Can You SQL Inject a Jukebox?
Recently, I was grabbing drinks with a former colleague of mine and placed an overconfident wager. While sipping on a round of vodka tonics at a local Chicago bar, I bet her that I could hack into the establishment’s digital jukebox and force it to play her favorite song, Jarvis Cocker’s Aline, without paying the required dollar for the performance.
In a conspiratorial fashion, we headed over to the corner of the bar which housed the jukebox. Once there, I opened the search prompt and furiously entered a bevy of SQL commands. Despite my best attempts, none of them worked, and I found myself paying for a surprisingly expensive round of tequila shots. Over the next few days, however, I couldn’t help but wonder whether I had either entered the wrong commands or if the jukebox was even vulnerable to SQL injections at all.
SQL Injections
For the uninitiated, a SQL injection commonly occurs when someone writes SQL statements into an entry field in order to extract information. For example, let’s say you are shopping on Nike’s website for a new pair of running shoes. When you reach the checkout page, instead of entering your name into the appropriate form field, you type in the following text: “something_wrong OR 1 = 1
”
This will execute the below SQL query on the backend:
SELECT * FROM Users
WHERE user_id = 'something_wrong'
OR 1 = 1;
Since there is probably no row in the database where user_id is equal to ‘something_wrong’, this command will return all of the rows in the Users table if the application is not protected against SQL injections. A hacker could use this command to retrieve personal information on users such as name, address, and payment details.
Here is another example of malicious SQL input. This time we use batched statements to drop the Users table.
SELECT * FROM Shoes
WHERE shoe_id = 1;
DROP TABLE Users;
How to Protect Against SQL Injections
In the 2000s and 2010s these types of attacks were a substantial threat. However, today most static code scanners, such as Veracode, are able to detect these issues and flag them to software engineers. In my own software development work, I used Brakeman to assess the security of our Ruby on Rails applications. I added this code scanning tool to our CI/CD pipeline and this prevented code from being built and deployed into our environments before it passed through the scan.
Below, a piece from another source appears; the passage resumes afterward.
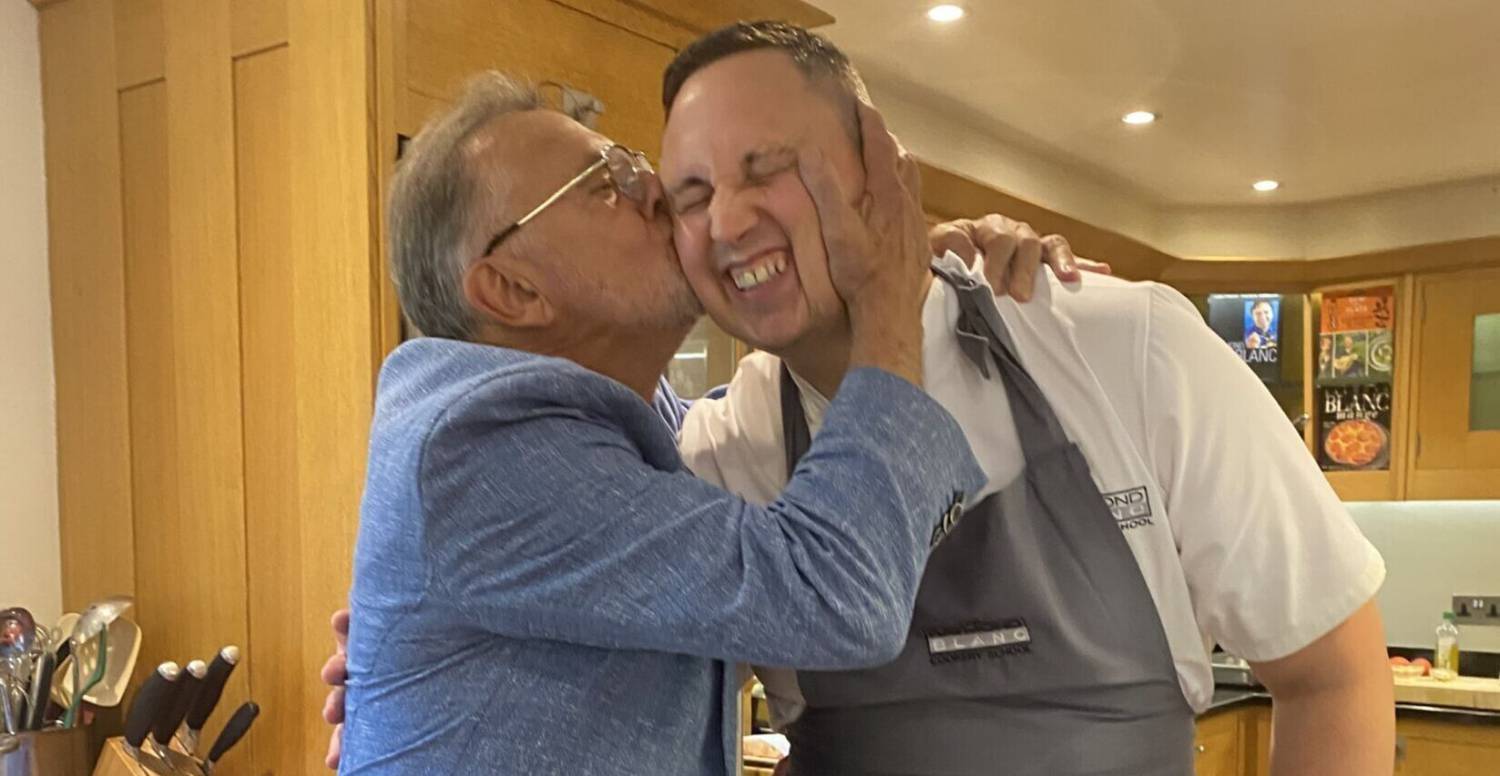 Former Coleg Menai student Michael John with Raymond Blanc
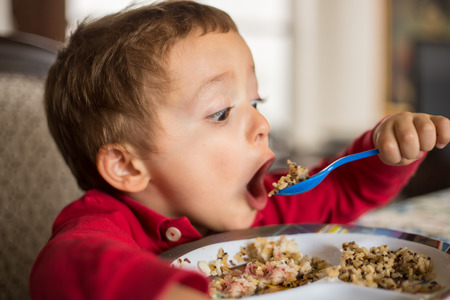 Little boy child eating brown rice and quinoa.の写真素材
Additionally, many common web development frameworks and libraries automatically sanitize inputs to cleanse them of malicious commands.
For Ruby on Rails, the best practice is to use parameterized statements when querying the database from user inputs. The first query (unsafe) uses string interpolation to create a SQL query while the second example (safe) utilizes parameterization.
Unsafe query
Book.where("title = '%#{params[:title]}%'"
Safe query
Book.where("title = ?", params[:title])
Notable Attacks
Searching around, I found a few interesting examples of hackers exploiting these vulnerabilities.
- On October 1, 2012, a hacker group called “Team GhostShell” published the personal records of students, faculty, employees, and alumni from 53 universities including Harvard, Princeton, Stanford, Cornell, Johns Hopkins, and the University of Zurich on pastebin.com. The hackers claimed that they were trying to “raise awareness towards the changes made in today’s education”, bemoaning changing education laws in Europe and increases in tuition in the United States
- In July 2012 a hacker group was reported to have stolen 450,000 login credentials from Yahoo!. The logins were stored in plain text and were allegedly taken from a Yahoo subdomain, Yahoo! Voices. The group breached Yahoo’s security by using a “union-based SQL injection technique”
- On March 27, 2011, www.mysql.com, the official homepage for MySQL, was compromised by a hacker using SQL blind injection (this seems ironic)
- In February 2002, Jeremiah Jacks discovered that Guess.com was vulnerable to an SQL injection attack, permitting anyone able to construct a properly-crafted URL to pull down 200,000+ names, credit card numbers and expiration dates in the site’s customer database.
- A team of attackers used SQL injection to penetrate corporate systems at several companies, primarily the 7-Eleven retail chain, stealing 130 million credit card numbers.
How to Play Free Music
Circling back to the original story, apparently there is a method for hacking these jukeboxes. Unfortunately, it involves a remote and brute forcing the pin to break into the system and is probably beyond the scope of this post.